Mr. President, distinguished colleagues, RA 9211 was passed by this very Institution. I trust that we will show the Filipinos that the law is equally applied, that none of us is above the law. I trust that the Senate, through Your Honor's leadership, will take the necessary corrective measures to ensure that we strictly comply with the law, that we have enacted.
Seriously, Mr. President, as members of the legislative branch, we should be at the forefront in the implementation of the laws we have stamped with our approval, especially those intended for the protection of our health and for a clean environment.

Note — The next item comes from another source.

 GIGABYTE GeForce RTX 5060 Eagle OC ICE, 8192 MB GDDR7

Mr. President, the Senate, in our oversight capacity, should monitor implementation of our laws and task the implementing agencies to perform their duties as required by law. Thus, as Chair of the Senate Committee on Health and Demography, a health and environment advocate, and a mom, I respectfully push for the following actions:
1. I task the Inter-Agency Committee on Tobacco (IAC-T) the agency mandated to enforce RA 9211, to ensure proper compliance of the law, especially Section 6 thereof.

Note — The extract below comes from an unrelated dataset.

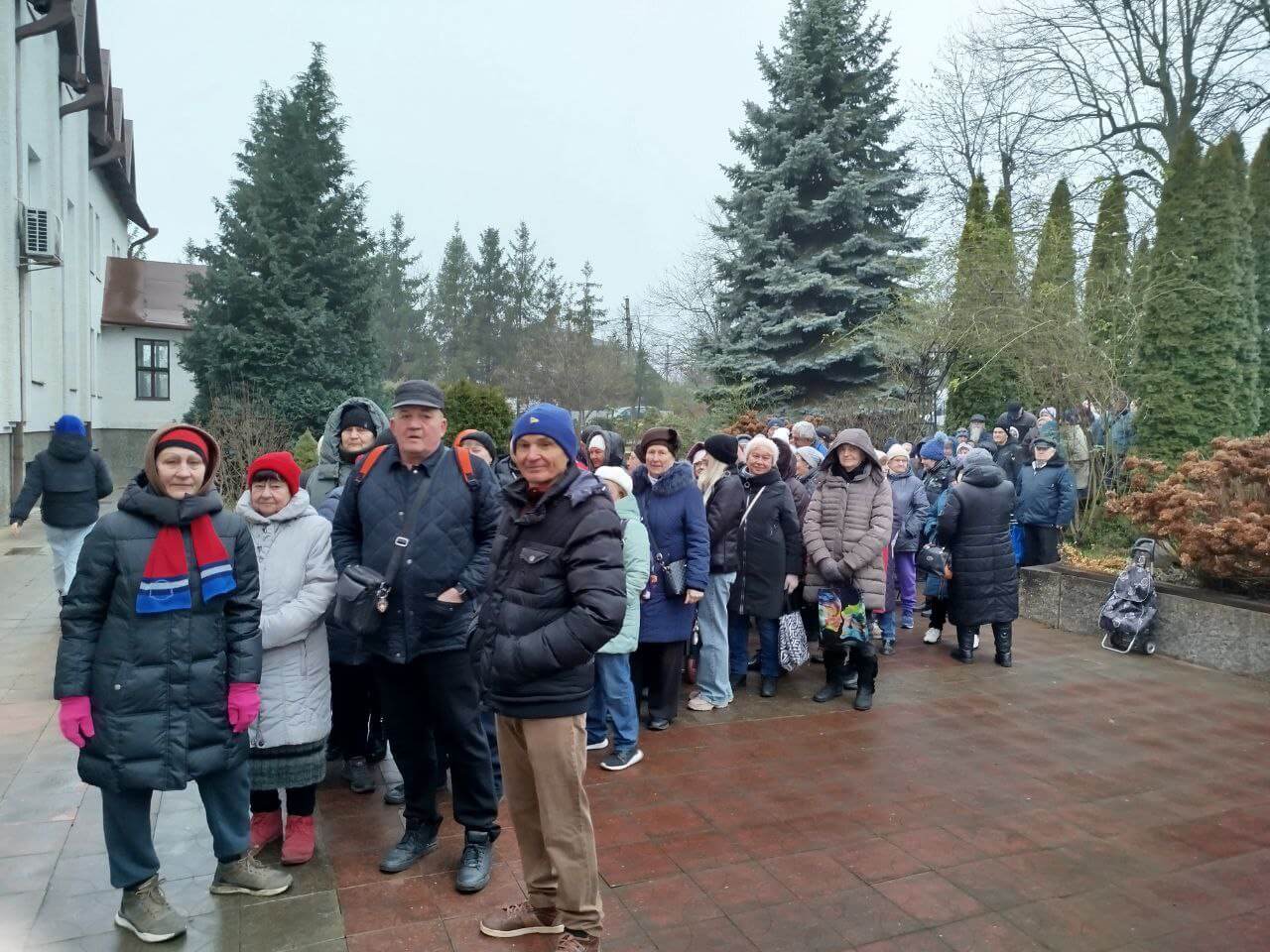 Благодійна допомога ВПО у Чернівцях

Under RA 9211, the lead agency of the IAC-T is the Department of Trade and Industry (DTI) with the Department of Health (DOH) as the vice chair with several members, including the Philippine Tobacco Institute, the organization representing tobacco companies.
For the past two years, the IAC-T has only conducted four meetings, two for each year, on the following topics:
a. The IAC-T having exclusive jurisdiction over tobacco products; b. Country Representation to the Framework Convention on Tobacco Control (FCTC) negotiations on Articles 9 and 10; and c. Clarification whether DTI is the lead agency on the guidelines on Articles 9 and 10 of the FCTC.
What is disturbing, Mr. President, is that the IAC-T, the body which was given the exclusive power and function to administer and implement the provisions of RA 9211, has reported only ONE violation or case filed for the period January- September 2011. I find this so absurd as even in my own twitter account Mr. President, I have received reports of so many violations of RA 9211, and that is only with respect to Section 6, or the violations of the smoking areas. And yet, I believe there are more provisions of the law that are being violated out there! Is the slow action of the IAC-T because it has not received any reports of violations? Or is it because the IAC-T failed to conduct aggressive information campaigns as to the availability of their hotlines? Or is it because they simply refuse to act on such reports of violations?
Upon inquiry with the secretariat of the IAC-T, reports of violations go thru the DTI hotline but that as far as they are aware of, there are no reported violations other than those subject of cases filed in court.
With this, Mr. President, I reiterate my strict directive for the IAC-T to do it's job and act on these reports of violations. I task them to convene a meeting immediately and take up reported violations and act upon them. In my oversight capacity, I have written to some of the malls/establishments whose violations have been brought to my attention.
2. I also call on the Local Government Units, as part of their mandate under the Local Government Code, to enforce strict compliance of Section 6 by establishments and malls in their jurisdiction. May I point out that among the penalties for violations of the law is the cancellation of their business permit.
3. Lastly, I call on every Filipino to be vigilant and report violations of this landmark law.
Mr. President, it is every person's right to have good health and a clean environment. Let us not deprive each Filipino of this basic and simple right. Thank you.